Se llamó al celador, que muy profesionalmente llegó con la silla y acompañó a mi padre hasta la ambulancia. Allí me doy cuenta de que tampoco hay ninguna silla, pero bueno, vamos al aeropuerto. Todo bien. Llegamos, aparca y nos dice: «Voy a buscar una silla de ruedas». Nos quedamos esperando mi padre y yo como diez minutos o más, tranquilos, hablando y riéndonos de la situación tan divertida que nos estaba ocurriendo.

A esto que llega el conductor hablando por el móvil y nos dice: «No he encontrado ninguna silla, me tengo que marchar». ¿Cómo? ¿Cómo puede ser que en un aeropuerto tan grande no haya ni una sola silla para mi padre? Me bajo y le digo que ya buscaré yo una. A los cinco minutos o antes ya la había conseguido.

Se va la ambulancia, llevo a mi padre al punto PMR y allí muy amablemente nos atienden.

El problema es que había pocos trabajadores para tanta gente que tenía que embarcar en silla de ruedas al avión. Una señora mayor casi perdía su vuelo, atasco para pasar el control.

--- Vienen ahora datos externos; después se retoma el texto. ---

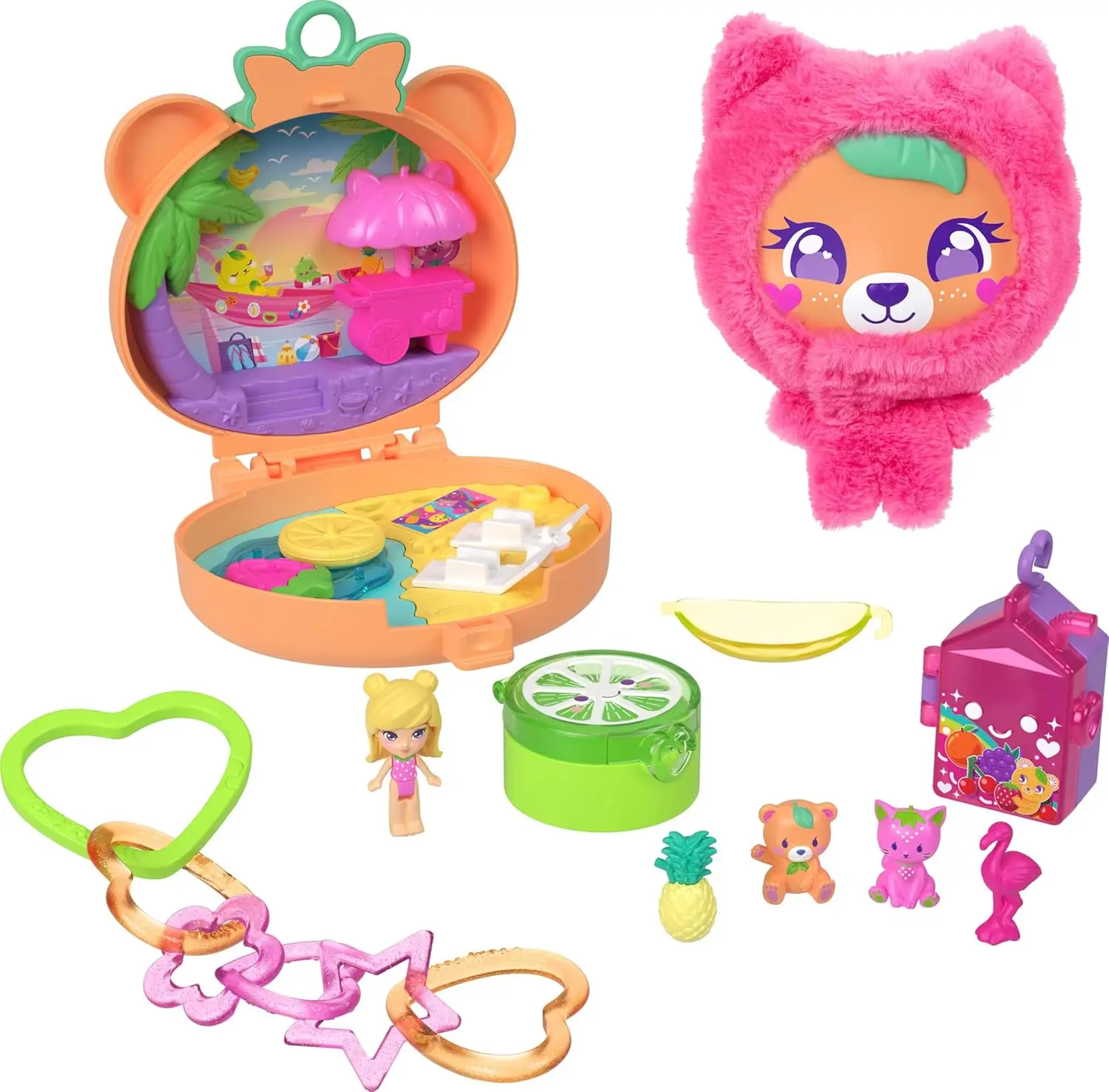 

Игровой набор Polly Pocket с куклой и питомцами, плюшевым медведем, компактным брелоком, аксессуарами и подвесками в фруктовой тематике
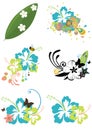 Six design elements with Hawaiian flowers on summe Royalty Free Stock Photo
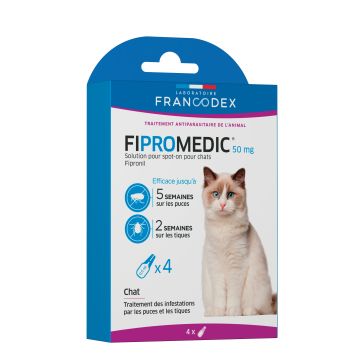 Traitement antiparasitaire pipettes chat Fipromedic - Francodex - 4 x 0.5 ml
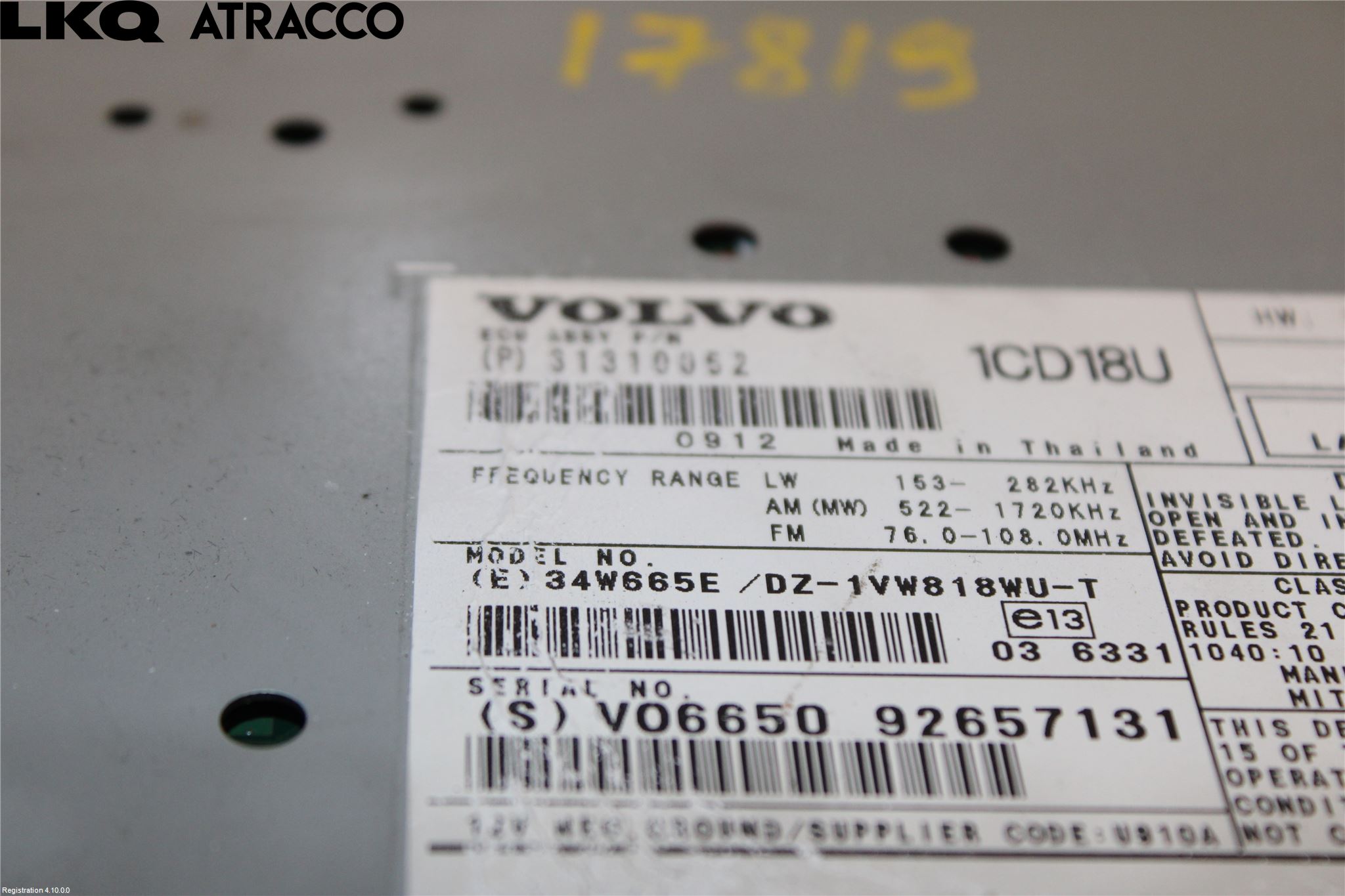 Volvo V50 08-12 Stereo Radio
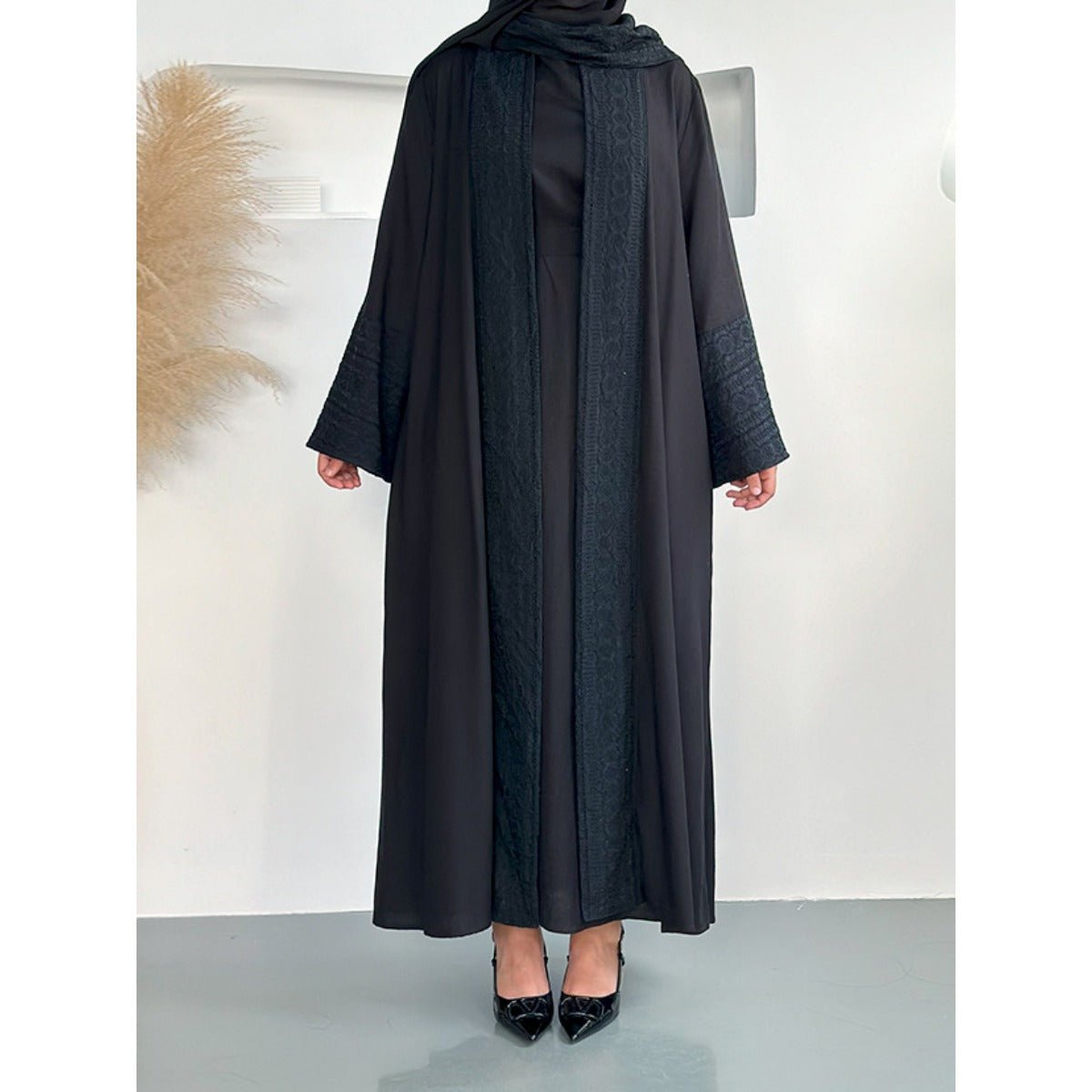 Blossom Elegance Modest Luxury 3 - Piece Abaya Set | Pink & Beige Bell Sleeve Robe with Inner Dress & Hijab. (MOA193) - Mariam's Collection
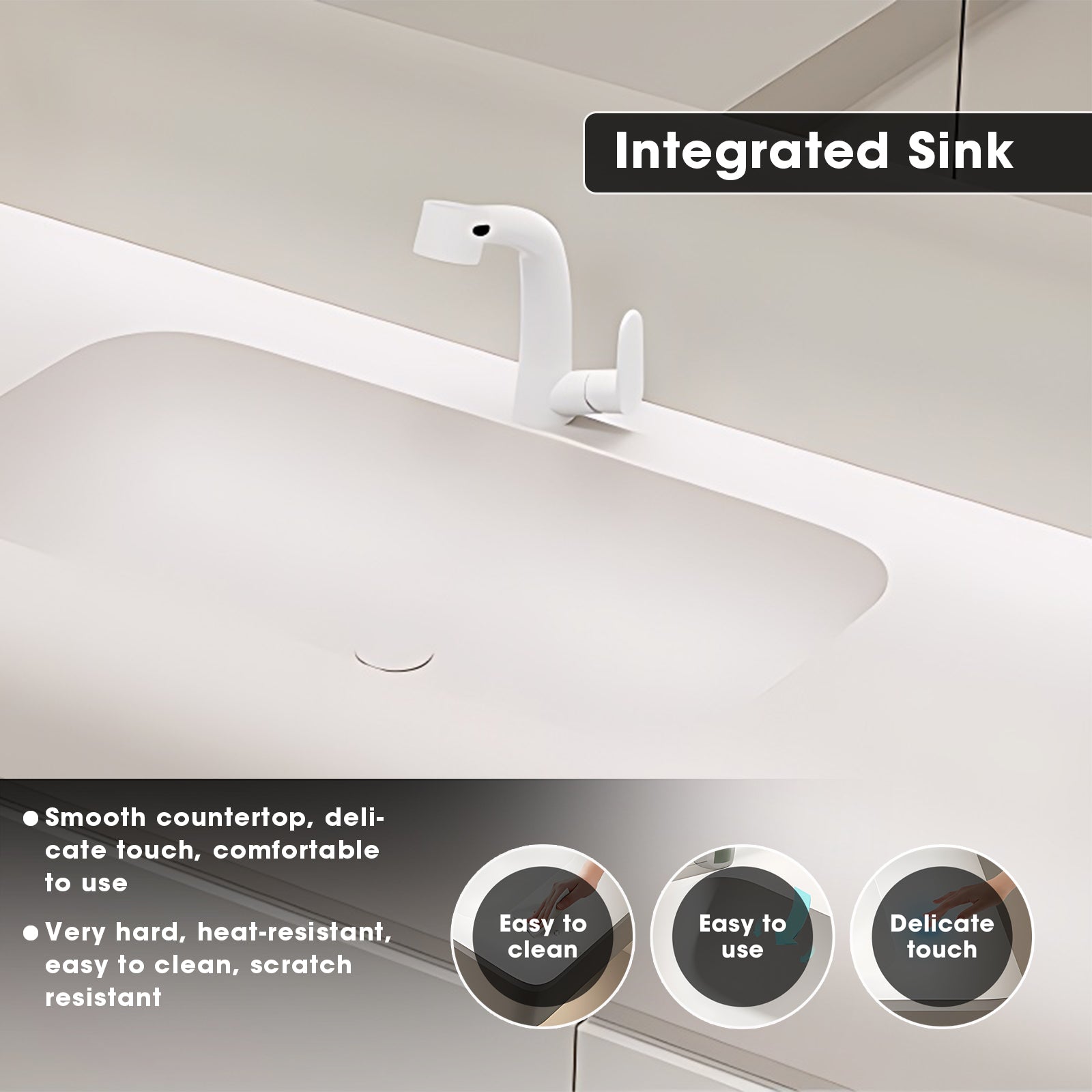 36"- 60" Solid Wood Floating Bath Vanity Set with Mirror and Single Basin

Claro está que los trabajadores no tienen ninguna culpa y me pregunto: ¿por qué no ponen más personal para, que a las horas punta, la gente pueda ser atendida con tiempo y tranquilidad, es decir, como se merece.

Íbamos con tiempo, así que no tuvimos problemas a la hora de embarcar. El personal pista, de primera.